How to statistically prove if a column has categorical data or not, using Python I have a data frame in python where I need to find all categorical variables. Checking the type of the column doesn't always work because int type can also be categorical. 
So I seek help in finding the right hypothesis test method to identify if a column is categorical or not. 
I was trying below chi-square test but I am not sure if this is good enough
import numpy as np
data = np.random.randint(0,5,100)
import scipy.stats as ss
ss.chisquare(data)

Please advise. 
 A: Well I think it's even worse than the other answers suggest: data aren't categorical or numeric sub specie æternatis—"level of measurement" is something stipulated by the analyst to answer a particular question on a particular occasion. See Glen_b's answer here.
It's of practical importance to understand that. For example, with a classification tree the distinction between ratio, interval, & ordinal level predictors is of no consequence: the only distinction that matters is that between ordinal & nominal predictors. Constraining the algorithm to split the predictor at a point along a line, separating higher from lower values, can have a significant effect on its predictive performance—for good or ill, depending on the smoothness of the (putatively ordinal) predictor's relation to the response & the size of the data-set. There's no sensible way to make the decision based solely on musing about how the predictor variable represents reality irrespective of the analysis you're about to undertake, let alone on what values you've found it takes in a sample.
A: Short answer: you can't.
There is no statistical test that will tell you whether a predictor that contains the integers between 1 and 10 is a numeric predictor (e.g., number of children) or encodes ten different categories. (If the predictor contains negative numbers, or the smallest number is larger than one, or it skips integers, this might argue against its being a categorical encoding - or it may just mean that the analyst used nonstandard encoding.)
The only way to be sure is to leverage domain expertise, or the dataset's codebook (which should always exist).
A: Whatever criteria -- or rules of thumb -- work for your dataset are welcome to you, but we can't see your data. In any case the problem is better pitched generally, and without reference to any particular software either.
It's worse than you think, even if you think it's worse than you think.

*

*@Stephan Kolassa's answer already makes one key point. Small integers could mean counts rather than categories: 3, meaning 3 cars or cats, is not the same as 3, meaning "person owns a car" or "person is owned by a cat".

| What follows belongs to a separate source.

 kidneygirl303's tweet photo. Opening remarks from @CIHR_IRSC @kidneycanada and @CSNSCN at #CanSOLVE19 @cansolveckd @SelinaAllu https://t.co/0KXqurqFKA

*Decimal points could lurk within categorical variables, as part of coded classifications, e.g. of industries or diseases.


*Measurements  strict sense could just be integers by convention, e.g. heights of people may just be reported as integer cm or inches, blood pressures as integer mm Hg.


*The number of distinct (a better term than "unique", which still has the primary meaning of occurring just once) values is not a good guide either. The number of different heights of people possible in moderate samples is probably much less than the number of different religious affiliations or ethnic origins.


*Negative codes or a mix of low and high numbers may mean little or nothing. For example, there are many survey conventtions to choose from for indicating some kind of missing value (e.g. "not applicable", "no reply", "irrelevant answer", "incomprehensible answer"), which may be coded with numbers like -88, -99 or 999. It could be hard to tell whether such a variable was categorical or something else without access to a code book.
A: This is an open research question. See for example the work by Valera et al. (paper) or extensions (e.g. one by Dhir et al. - paper).
Edit: 

A common practice in statistics and machine
  learning is to assume that the statistical data types
  (e.g., ordinal, categorical or real-valued) of variables,
  and usually, also the likelihood model is
  known. However, as the availability of real-world
  data increases, this assumption becomes
  too restrictive. Data are often heterogeneous,
  complex, and improperly or incompletely documented.
  Surprisingly, despite their practical
  importance, there is still a lack of tools to automatically
  discover the statistical types of, as
  well as appropriate likelihood (noise) models for,
  the variables in a dataset. 

(From the Valera paper.)
So when we say that this is an "open question" (oddly enough quoting myself), we mean to say that currently there are no good automatic methods for inferring the type of data given a finite sample. If you had an infinite sample this would be easy, but since that is not possible, we need to revert to other means.